The work was reported in a paper published Wednesday, April 21, in the journal Science Advances.
New method breaks down plastics into fuel
Chemical conversion is the most versatile approach to reducing plastic waste, said principal investigator Dionisios Vlachos.
For their method, Vlachos and his colleagues used a novel catalyst made up of zeolites and mixed metal oxides, which broke down the carbon bonds in the plastic. Zeolites are used in water softeners and house detergents to counteract minerals like calcium and magnesium. They are also used to refine crude oil into gasoline. (Related: Plant-based jet fuels could soon be an alternative to petroleum.)
Meanwhile, mixed metal oxides are found in antacids, which are designed to neutralize stomach acidity. Alone, zeolites and mixed metal oxides do a poor job of melting plastics. But together, the combination does magic, said Vlachos. Mixed metal oxides break down larger plastic molecules, while zeolites foster the formation of branched molecules. This makes it easier to transform the plastic goop into an end product.

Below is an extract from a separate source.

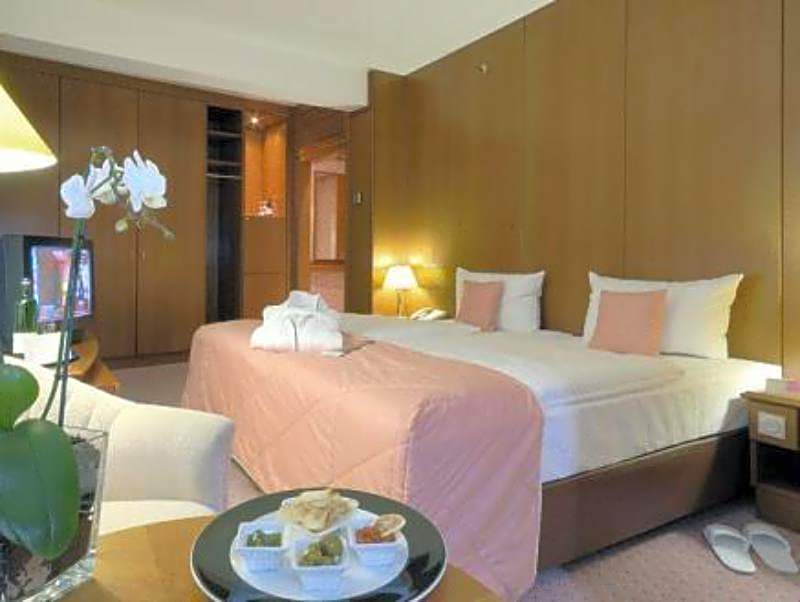 Radisson Blu Hotel Cottbus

The plastics are melted in just a couple of hours at around 480 degrees Fahrenheit, which is just a bit hotter than what it takes to bake a potato. The researchers then stabilize the resulting plastic goop by adding hydrogen molecules. The end product can then be used to create jet fuel, diesel and lubricants.
The process, called hydrocracking, also works on all kinds of plastics, so Vlachos and his colleagues don’t have to separate the plastics beforehand. A process like this can be immensely helpful since many of the plastic products sold today are comprised of different kinds of plastic materials.
Vlachos also pointed out that neither zeolites nor mixed metal oxides are exotic materials. Therefore, scientists should have no trouble experimenting with the process for practical applications.
Though groundbreaking, this process doesn’t signal the end of plastic waste. It only deals with one symptom of a much larger issue, that of global plastic pollution. Nonetheless, Vlachos said reducing plastic waste by chemically converting it into fuels can play a powerful role in driving a circular economy.
In a circular economy, plastic products are recycled or converted into something new rather than thrown away. As the circular economy gets going, the world would make fewer original plastics because people would be reusing existing plastics to make new products, said Vlachos.
In 2019, global plastic production totaled about 368 million metric tons. This is unsurprising given how plastic is one of the most versatile materials on the planet. Today, plastics are used in a wide variety of products. They have even displaced materials like wood and metal for some applications because they are much cheaper.
However, more than 75 percent of all plastics produced end up in landfills in the United States alone. Plus, less than nine percent are recycled. Unrecycled plastics can have a significant impact on terrestrial and aquatic environments. So breakthroughs like hydrocracking can change the way we use and dispose of plastic.